When he was little, the big house had scared him. The study and the library downstairs were dark, grown-up places where the bad guys hid out. Until he was ten he couldn't stand to be downstairs alone at night. If he had to go down there, to get something from the kitchen or the breakfast room, he took a flashlight and ran the whole way. He'd often wished he had a brother or sister to go with him, so he wouldn't be scared. He'd often wished he had a brother or sister
period
—so he wouldn't be lonely.

But Grandma Tutti was there. And Tommy was coming! He wouldn't be lonely anymore.

He found his mother in the den, a cordless telephone pressed to her ear. The shades were drawn and the room was dark. Nicky heard his mother say, “… absolutely critical that no one in this house know that we're—” Then she saw Nicky and put the phone to her chest.

“Nicholas! How long have you been standing there?”

“I just walked in.”

“It's not polite to eavesdrop, you know.”

“Uh, yeah—I know,” Nicky said. “I just wanted to tell you I was home.”

“And?”

“And nothing. I'm gonna help Grandma Tutti with dinner.”

“I'm sure she'll appreciate that. She's cooking
meat.
Now, if you'll excuse me?”

Nicky left the room, thinking,
Okay, that was weird. Is she bugged that Grandma Tutti is cooking food with meat in it?
And who is she talking to like that, all secret, in the dark?

In the kitchen, Grandma Tutti said, “You're going to do the roast peppers. You can start by telling me everything that's happened since the summer.”

Nicky took a deep breath. “Well, school started, and then …”

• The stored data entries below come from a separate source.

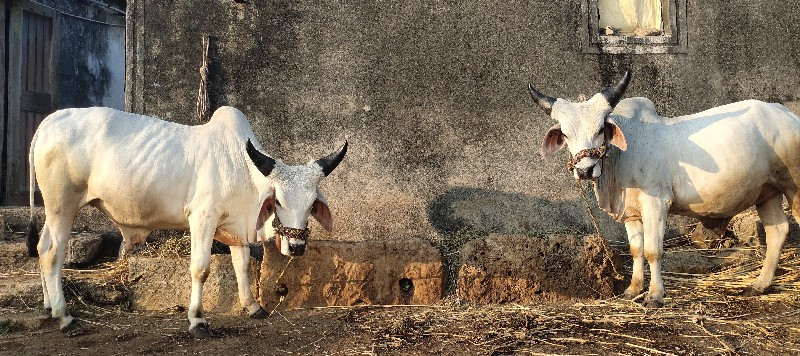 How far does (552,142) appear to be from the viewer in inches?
215

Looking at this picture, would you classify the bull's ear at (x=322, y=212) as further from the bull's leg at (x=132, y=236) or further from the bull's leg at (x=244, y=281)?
the bull's leg at (x=132, y=236)

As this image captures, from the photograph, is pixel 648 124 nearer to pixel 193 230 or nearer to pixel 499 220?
pixel 499 220

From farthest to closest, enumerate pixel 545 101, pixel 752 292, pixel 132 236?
1. pixel 752 292
2. pixel 132 236
3. pixel 545 101

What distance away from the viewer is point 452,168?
6633mm

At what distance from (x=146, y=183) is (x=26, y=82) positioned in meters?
5.14

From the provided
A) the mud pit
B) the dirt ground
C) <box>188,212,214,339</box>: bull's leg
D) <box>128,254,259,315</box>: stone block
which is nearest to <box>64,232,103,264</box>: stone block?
the mud pit

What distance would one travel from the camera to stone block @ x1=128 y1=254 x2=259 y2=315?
5.95m

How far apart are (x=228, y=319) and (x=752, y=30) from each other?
17.9ft

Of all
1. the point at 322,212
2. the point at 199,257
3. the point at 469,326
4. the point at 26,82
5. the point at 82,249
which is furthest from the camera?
the point at 26,82

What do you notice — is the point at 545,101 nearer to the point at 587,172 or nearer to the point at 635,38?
the point at 587,172

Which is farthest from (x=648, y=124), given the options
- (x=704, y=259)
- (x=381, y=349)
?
(x=381, y=349)

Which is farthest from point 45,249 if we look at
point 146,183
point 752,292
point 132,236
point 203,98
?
point 752,292

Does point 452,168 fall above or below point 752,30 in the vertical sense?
below

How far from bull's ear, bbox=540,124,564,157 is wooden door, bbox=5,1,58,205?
22.1ft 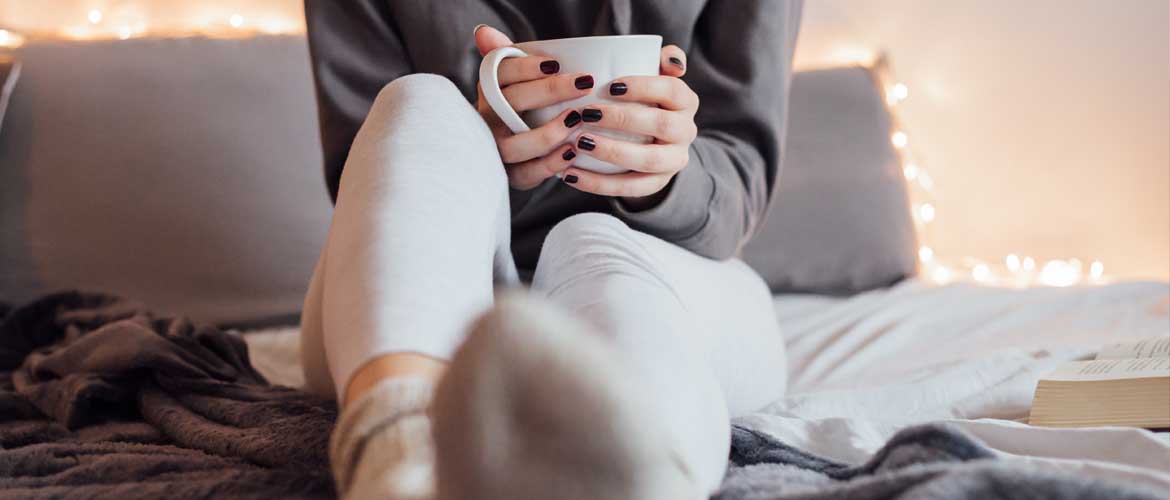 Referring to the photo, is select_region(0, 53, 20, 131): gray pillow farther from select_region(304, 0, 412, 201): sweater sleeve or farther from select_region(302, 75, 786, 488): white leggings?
select_region(302, 75, 786, 488): white leggings

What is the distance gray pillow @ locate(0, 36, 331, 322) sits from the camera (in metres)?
1.38

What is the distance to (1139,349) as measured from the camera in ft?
2.88

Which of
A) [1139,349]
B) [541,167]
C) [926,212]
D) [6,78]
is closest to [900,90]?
[926,212]

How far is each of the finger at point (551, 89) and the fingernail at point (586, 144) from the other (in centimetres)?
4

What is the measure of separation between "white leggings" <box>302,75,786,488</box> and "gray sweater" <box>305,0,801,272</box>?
0.19 metres

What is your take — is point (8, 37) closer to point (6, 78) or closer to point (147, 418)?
point (6, 78)

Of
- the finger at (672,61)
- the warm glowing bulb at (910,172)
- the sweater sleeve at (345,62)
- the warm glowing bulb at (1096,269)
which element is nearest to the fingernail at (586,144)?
the finger at (672,61)

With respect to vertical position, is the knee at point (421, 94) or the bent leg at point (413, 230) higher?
the knee at point (421, 94)

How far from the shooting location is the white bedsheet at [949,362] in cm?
64

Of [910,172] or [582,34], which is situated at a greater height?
[582,34]

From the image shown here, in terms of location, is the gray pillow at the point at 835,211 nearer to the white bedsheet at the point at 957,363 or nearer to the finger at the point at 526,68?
the white bedsheet at the point at 957,363

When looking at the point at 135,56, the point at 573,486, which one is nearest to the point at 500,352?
the point at 573,486

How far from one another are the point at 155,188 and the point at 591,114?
3.02 feet

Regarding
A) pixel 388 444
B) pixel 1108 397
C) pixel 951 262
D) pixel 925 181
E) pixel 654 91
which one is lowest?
pixel 951 262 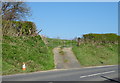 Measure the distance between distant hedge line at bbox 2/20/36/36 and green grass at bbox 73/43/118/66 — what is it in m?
6.74

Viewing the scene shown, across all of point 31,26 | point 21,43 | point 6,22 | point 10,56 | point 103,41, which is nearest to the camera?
point 10,56

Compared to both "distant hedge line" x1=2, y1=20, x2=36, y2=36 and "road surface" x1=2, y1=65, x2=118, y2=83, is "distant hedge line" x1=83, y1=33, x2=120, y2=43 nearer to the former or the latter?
"distant hedge line" x1=2, y1=20, x2=36, y2=36

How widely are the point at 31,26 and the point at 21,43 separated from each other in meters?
6.90

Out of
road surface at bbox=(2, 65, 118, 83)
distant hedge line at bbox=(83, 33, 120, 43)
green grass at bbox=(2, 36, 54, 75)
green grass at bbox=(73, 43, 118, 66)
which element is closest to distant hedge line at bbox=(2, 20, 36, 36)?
green grass at bbox=(2, 36, 54, 75)

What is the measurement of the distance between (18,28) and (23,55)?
9823mm

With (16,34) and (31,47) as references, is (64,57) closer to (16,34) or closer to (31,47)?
(31,47)

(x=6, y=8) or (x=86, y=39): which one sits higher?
(x=6, y=8)

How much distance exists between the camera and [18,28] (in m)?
34.1

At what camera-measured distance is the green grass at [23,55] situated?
21120 mm

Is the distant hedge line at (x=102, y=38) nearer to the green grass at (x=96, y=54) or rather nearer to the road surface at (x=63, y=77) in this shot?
the green grass at (x=96, y=54)

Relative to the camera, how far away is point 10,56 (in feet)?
76.1

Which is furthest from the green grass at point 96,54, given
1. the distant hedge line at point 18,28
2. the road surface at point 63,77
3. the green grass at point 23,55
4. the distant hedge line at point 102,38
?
the road surface at point 63,77

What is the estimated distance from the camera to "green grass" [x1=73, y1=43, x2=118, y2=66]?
31.7 metres

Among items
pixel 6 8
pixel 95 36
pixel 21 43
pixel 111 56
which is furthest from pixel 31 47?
pixel 95 36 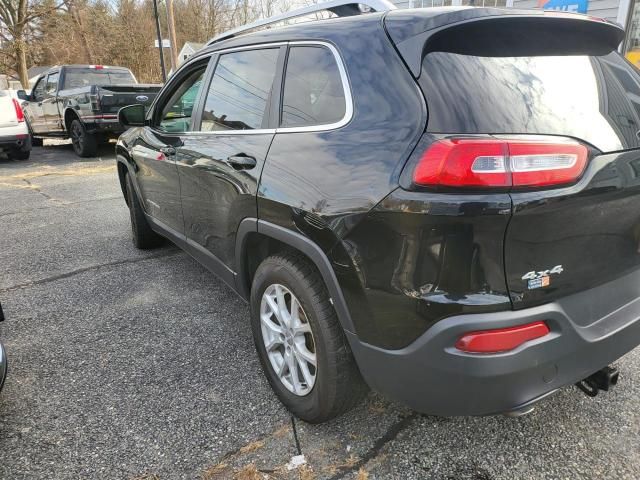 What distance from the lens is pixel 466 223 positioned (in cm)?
144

At dinner that night, Nicky's father pushed back from his plate and said to Nicky's mother, “No offense, Elizabeth, but that's the best meal I've eaten in ages.”

“Well, it's certainly the
biggest
meal you've eaten in ages,” she said.

Nicky's father laughed. “I guess if you grow up eating the stuff, you never lose the taste for it.”

“I'm glad you like it,” Grandma Tutti said. “I don't like not having anybody to cook for. It's lonely.”

“Don't you have friends you could invite for dinner?” Nicky's mother asked.

“What friends?” Tutti said. “Most of my friends are old like me, and they live with their children. They have their own families to cook for. The ones who are alone, like me—there's something wrong with them. Like my neighbor Mr. Moretti. He
should
be alone.”

“Is he the gentleman who lives downstairs from you?” Nicky's mother asked.

“Gentleman—ha!” Grandma Tutti said. “If he wasn't a friend of my late husband's, he'd be out on the street! He's a drunken old bum.”

“Speaking of bums who live in your neighborhood,” Nicky's father said, “how's Frankie?”

Grandma Tutti smiled. “Frankie's fine. He's working hard, too hard, like always. He goes in and out, night and day, crazy hours. Sometimes he's on a job for three, four days at a time, and he can't even shave or shower. He comes home smelling like an animal.”